“Yes; I’ve tasted worse,” said I. “They’ve cut us rather short with the fish, though, Ned. I think they might have served out enough for a fellow to put his teeth through.”

“Perhaps the old chap can’t afford it, you know, Jack; and yet, he doesn’t look badly off. That hat of his would fetch something in an old curio shop, and so would his breeches too.
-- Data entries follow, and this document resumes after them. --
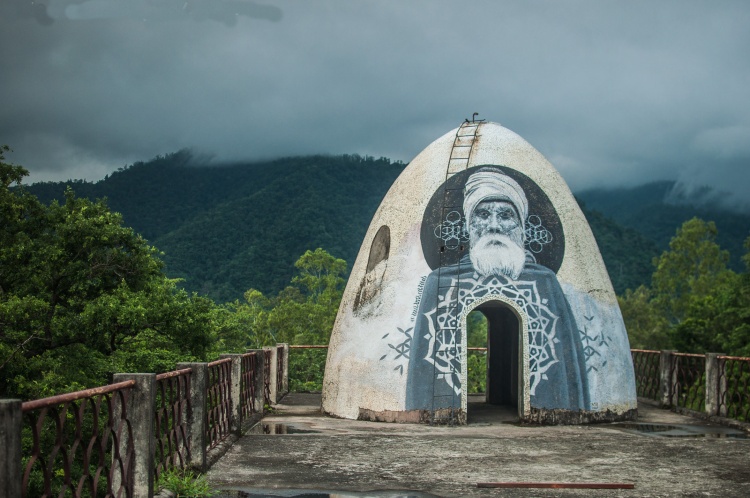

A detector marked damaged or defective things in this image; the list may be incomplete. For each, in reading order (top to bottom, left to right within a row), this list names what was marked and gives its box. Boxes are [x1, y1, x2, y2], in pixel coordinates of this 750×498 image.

rusty metal railing [21, 380, 137, 496]
rusty metal railing [153, 368, 192, 480]
rusty metal railing [206, 358, 232, 452]
rusty metal railing [244, 352, 262, 422]
rusty metal railing [632, 350, 660, 400]
rusty metal railing [672, 352, 708, 410]
rusty metal railing [716, 356, 750, 422]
By Jove, they’re big and baggy enough for a Dutchman twice his size.”

At this we both laughed, whereupon the old chap, thinking we did so in high appreciation of his viands, smiled and nodded, patting his fat stomach and saying in his guttural tones, “Bono, Johnny, goot—goot!”

“By Jove!” exclaimed Ned, quite startled. “You speak English?”

“Mi one piecee can do,” replied the other, with a broader smile that made him look quite venerable, the deceitful old wretch! “No goodee number one chop!”

“Oh, you can speak it well enough,” replied Ned, as our friend said this in “Pijin English,” implying that although he could manage a little of our language he was not a first-rater at it. “What wantchee can do, my one two?”

Ned pointed at the same time towards me, and then indicated himself, requesting in this idiotic jargon to be informed of our fate.

“Yellow hat’s” reply was not of a reassuring character, although he uttered no word. What he did was, to draw the forefinger of his dirty hand across his throat in the most unpleasant manner.

Ned shuddered at this; and, I confess, so did I. Seeing the effect his gesture had produced, the old chap, smiling affably, proceeded to justify the extreme course he had suggested.

“Yang-kei-tze catchee one Chinaman, one piecee shootee chop chop,” he argued, on the retaliatory principle, which, of course, held good in war, although no comfort to us at the moment. “Chinaman one piecee catchee Yang-kei-tze, mi takee Pekin.”